CHAPTER VII. DEVELOPMENT OF LAUGHTER DURING THE FIRST THREE YEARS OF LIFE.

Having examined the earliest and distinctly hereditary germs of the laughing impulse in the child, we may pass to the consideration of its expansion and specialisation during the first years. Although, so far as I am aware, the new child-study has not yet produced a methodical record of the changes which this interesting expression of feeling undergoes, we may by help of such data as are accessible be able to trace out some of the main directions of its development.

Two closely connected problems are involved here: (a) how the expressive movements, the laugh and the smile, themselves change and get differentiated; and (b) how the psychical process which precedes and excites these expressive movements grows in complexity and differences itself into the various forms of gaiety or amusement enumerated above.

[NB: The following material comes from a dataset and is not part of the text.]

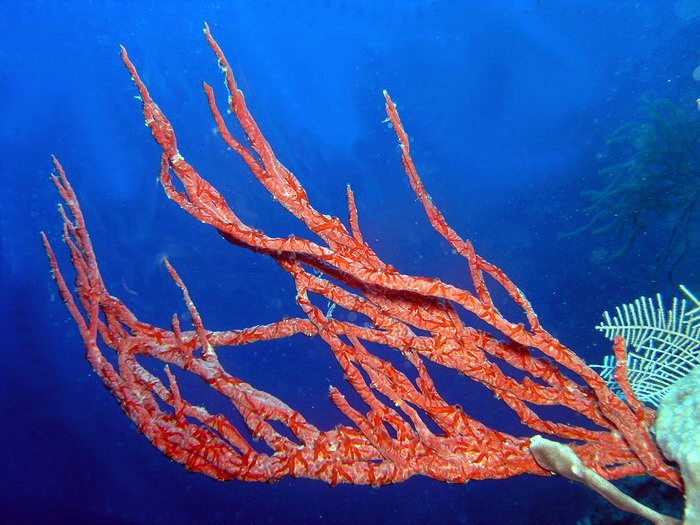 Valley of Kings coco wall red encrusting star coral.JPG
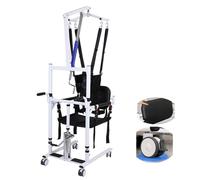 Sedia per il trasporto del paziente in posizione seduta o in piedi, sedia elevatrice portatile per anziani, dispositivo di trasferimento multifunzionale con ruote silenziose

In dealing with these early manifestations we shall, of course, look for reactions which are spontaneous, in the sense of not being due to imitation and the lead of others. Yet it will not always be easy to determine what are such. It has been pointed out above that laughter is one of the most contagious of the expressive movements. Children, therefore, who are much given to imitation may be {187} expected to show this contagiousness in a particularly clear manner.

The difficulties are, however, not really so formidable as they might at first seem to be. If a child is, on the one hand, highly susceptible to the contagion of laughter, there is, on the other, no expression of his feeling in which he is more spontaneous. The swift directness of the “natural” or spontaneous laugh may be readily discriminated by a fine observer. Not only so, but a difference may be detected in the tone of the laughter when it is perfectly natural and real, and when it is merely imitative and artificial. The note of affected laughter is well known to careful observers of children. It is particularly plain where a child is not merely reproducing the laughter of others at the moment, but has it suggested to him by others that a thing is laughable. Miss Shinn’s niece developed at the end of the second year a forced laugh on hearing the word “funny” employed by others.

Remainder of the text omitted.